Başbakan Yardımcısı Cemil Çiçek, zaman zaman gazetecilere takılır: "Valla bazı arkadaşlarınızın maaşının bir kısmını almam lazım!"
Sonra devam eder...
"Konu ne olsa Cemil Çiçek'ten iki satır alıp, yazayım deniyor. İyi de bütün kavgayı ben mi vereceğim?" Ve nihayet işi, "Ben, Hükümet Sözcüsü değilim, Bakanlar Kurulu sözcüsüyüm" noktasına getirir ve susar.
Bakan-gazeteci ilişkisinin ilginç örneğidir Çiçek. Ne zaman susacağını iyi bilir. Ne söylemeyeceğini ise çok iyi... Devleti tanır. Kamuoyu nabzını tutar. Bildik doğruları vardır ama son analizde parti neye karar verirse, siyasi etik gereği önde gelen savunucusu olur. İşte bu profil içinde Çiçek'e son günlerde sorulan bir soru da anayasa değişikliği ve referandumla ilgili... Çiçek diyor ki...

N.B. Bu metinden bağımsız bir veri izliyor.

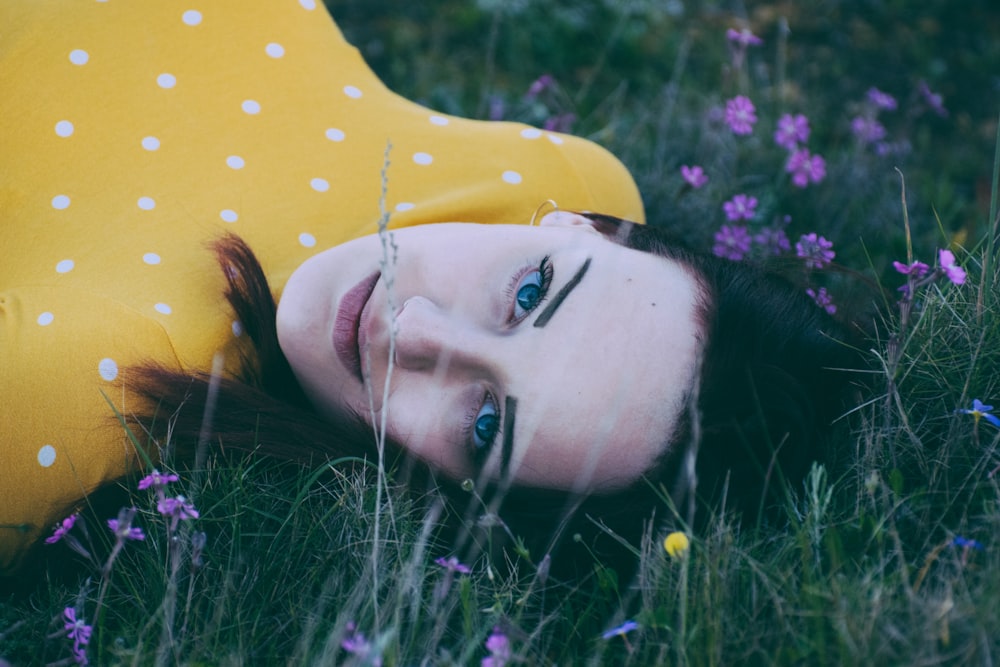 woman lying on green grassy field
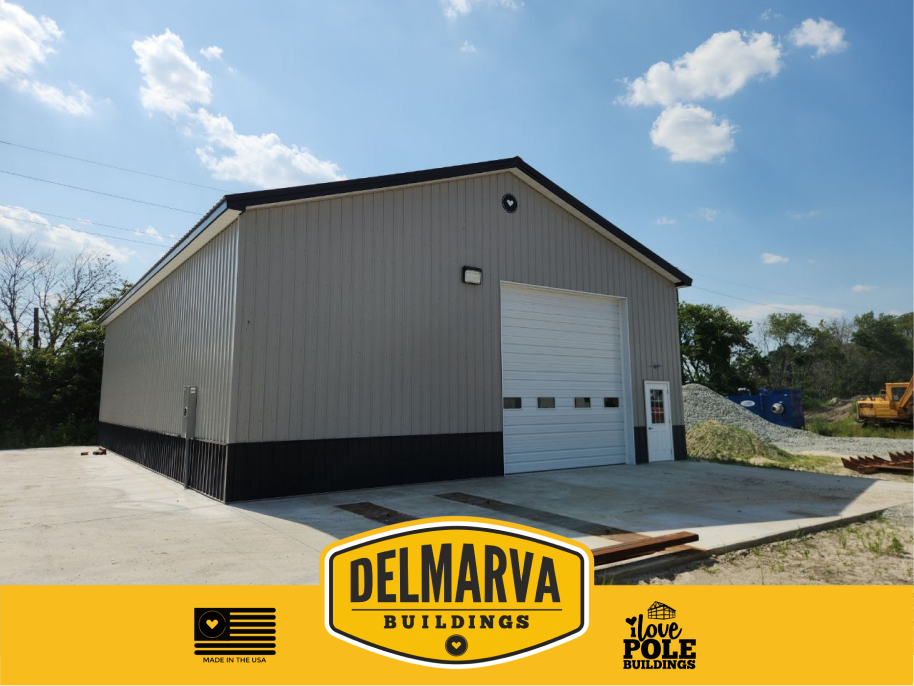 Modern gray and black pole barn with a white door by Delmarva Buildings.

"Her yol anayasaya çıkıyor. Tamam anayasa değişikliğini yapacağız, yani ayağımızı kaldıracağız. Peki nereye basacağız? Ayağımızı basacak taş mı var? Örneğin, anayasanın 10 ve 42. maddelerini değiştirmek için muhalefetin önemli bir bölümünün desteği ile ayağımızı kaldırdık ama bastığımız taş yosunluymuş, kaydık, düştük! Konunun Meclis'te çözülmesi esastır. Lakin zemin uygun değil. Örneğin, ombudsmanlık yasası çıkarken CHP, 'Anayasa değişikliği gerekiyor' dedi. Şimdi anayasa paketine dahil etsek, 'Siz, Türkiye'ye kadılık sistemini getirmek istiyorsunuz' diye karşı çıkıyor!"